Como foi ? Como era na época ?
Havia dois tipos de meninas. As meninas de família e as prostitutas. Para beijar a mão das meninas de família demorava seis meses. Então, a primeira vez era sempre com as prostitutas.
Era o pai que levava ?
De jeito nenhum! Naquela época não se falava dessas coisas com os pais. Os encontros eram sempre promovidos pelos amigos.
Do que o sr. sente mais falta: mulheres, juventude ou dinheiro ?
De tudo isso junto. Mas ainda estou bem vivo e tem o Viagra, que me dá uma força. Eu sou um homem do século passado, com muito orgulho. Hoje em dia tudo ficou muito pior. Acabou a cultura, acabou a arte, acabou o jazz. A música hoje é uma droga. É só esse negócio de disk-jockey, musica eletrônica… A dança também piorou. Antigamente, a gente dançava de rostinho colado, cheek to cheek. Você ficava excitado e a mulher sentia. Hoje, a mulher fica de um lado, o homem do outro, fazendo assim (balançando os braços)… Não faz o menor sentido. Acabou o glamour. O grande século foi o século XX.
Mas algumas coisas melhoraram. Antigamente, levava-se 15 dias para chegar à Europa de navio. Hoje são só 12 horas de avião…
Que nada!

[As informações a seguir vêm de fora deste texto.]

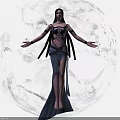 Game and Movie Female Character Standing with Open Arms Before Earth and Luminous Celestial Bodies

No meu século existia o Concorde, que fazia essa viagem em seis horas. Até isso não existe mais. O século XX foi o século do cinema, do homem na lua, do telefone. Não tinha essa porcaria de celular…
O sr. não tem celular ?
Não, acho horrível! Só veio para atrapalhar a vida do cidadão. O celular toca nas horas mais inconvenientes, no meio de um concerto, no cinema, num motel…
Mas e o Viagra do qual o sr. falou ?
Outra invenção do século passado!
O sr. toma frequentemente ?
Ele ajuda bastante. Mas sexo hoje só com as moças desses cabarés da vida. Sabe como é, dão muito menos trabalho…
O sr. tem algum arrependimento ?
Não. Só lamento não ter tido mais dinheiro para gastar.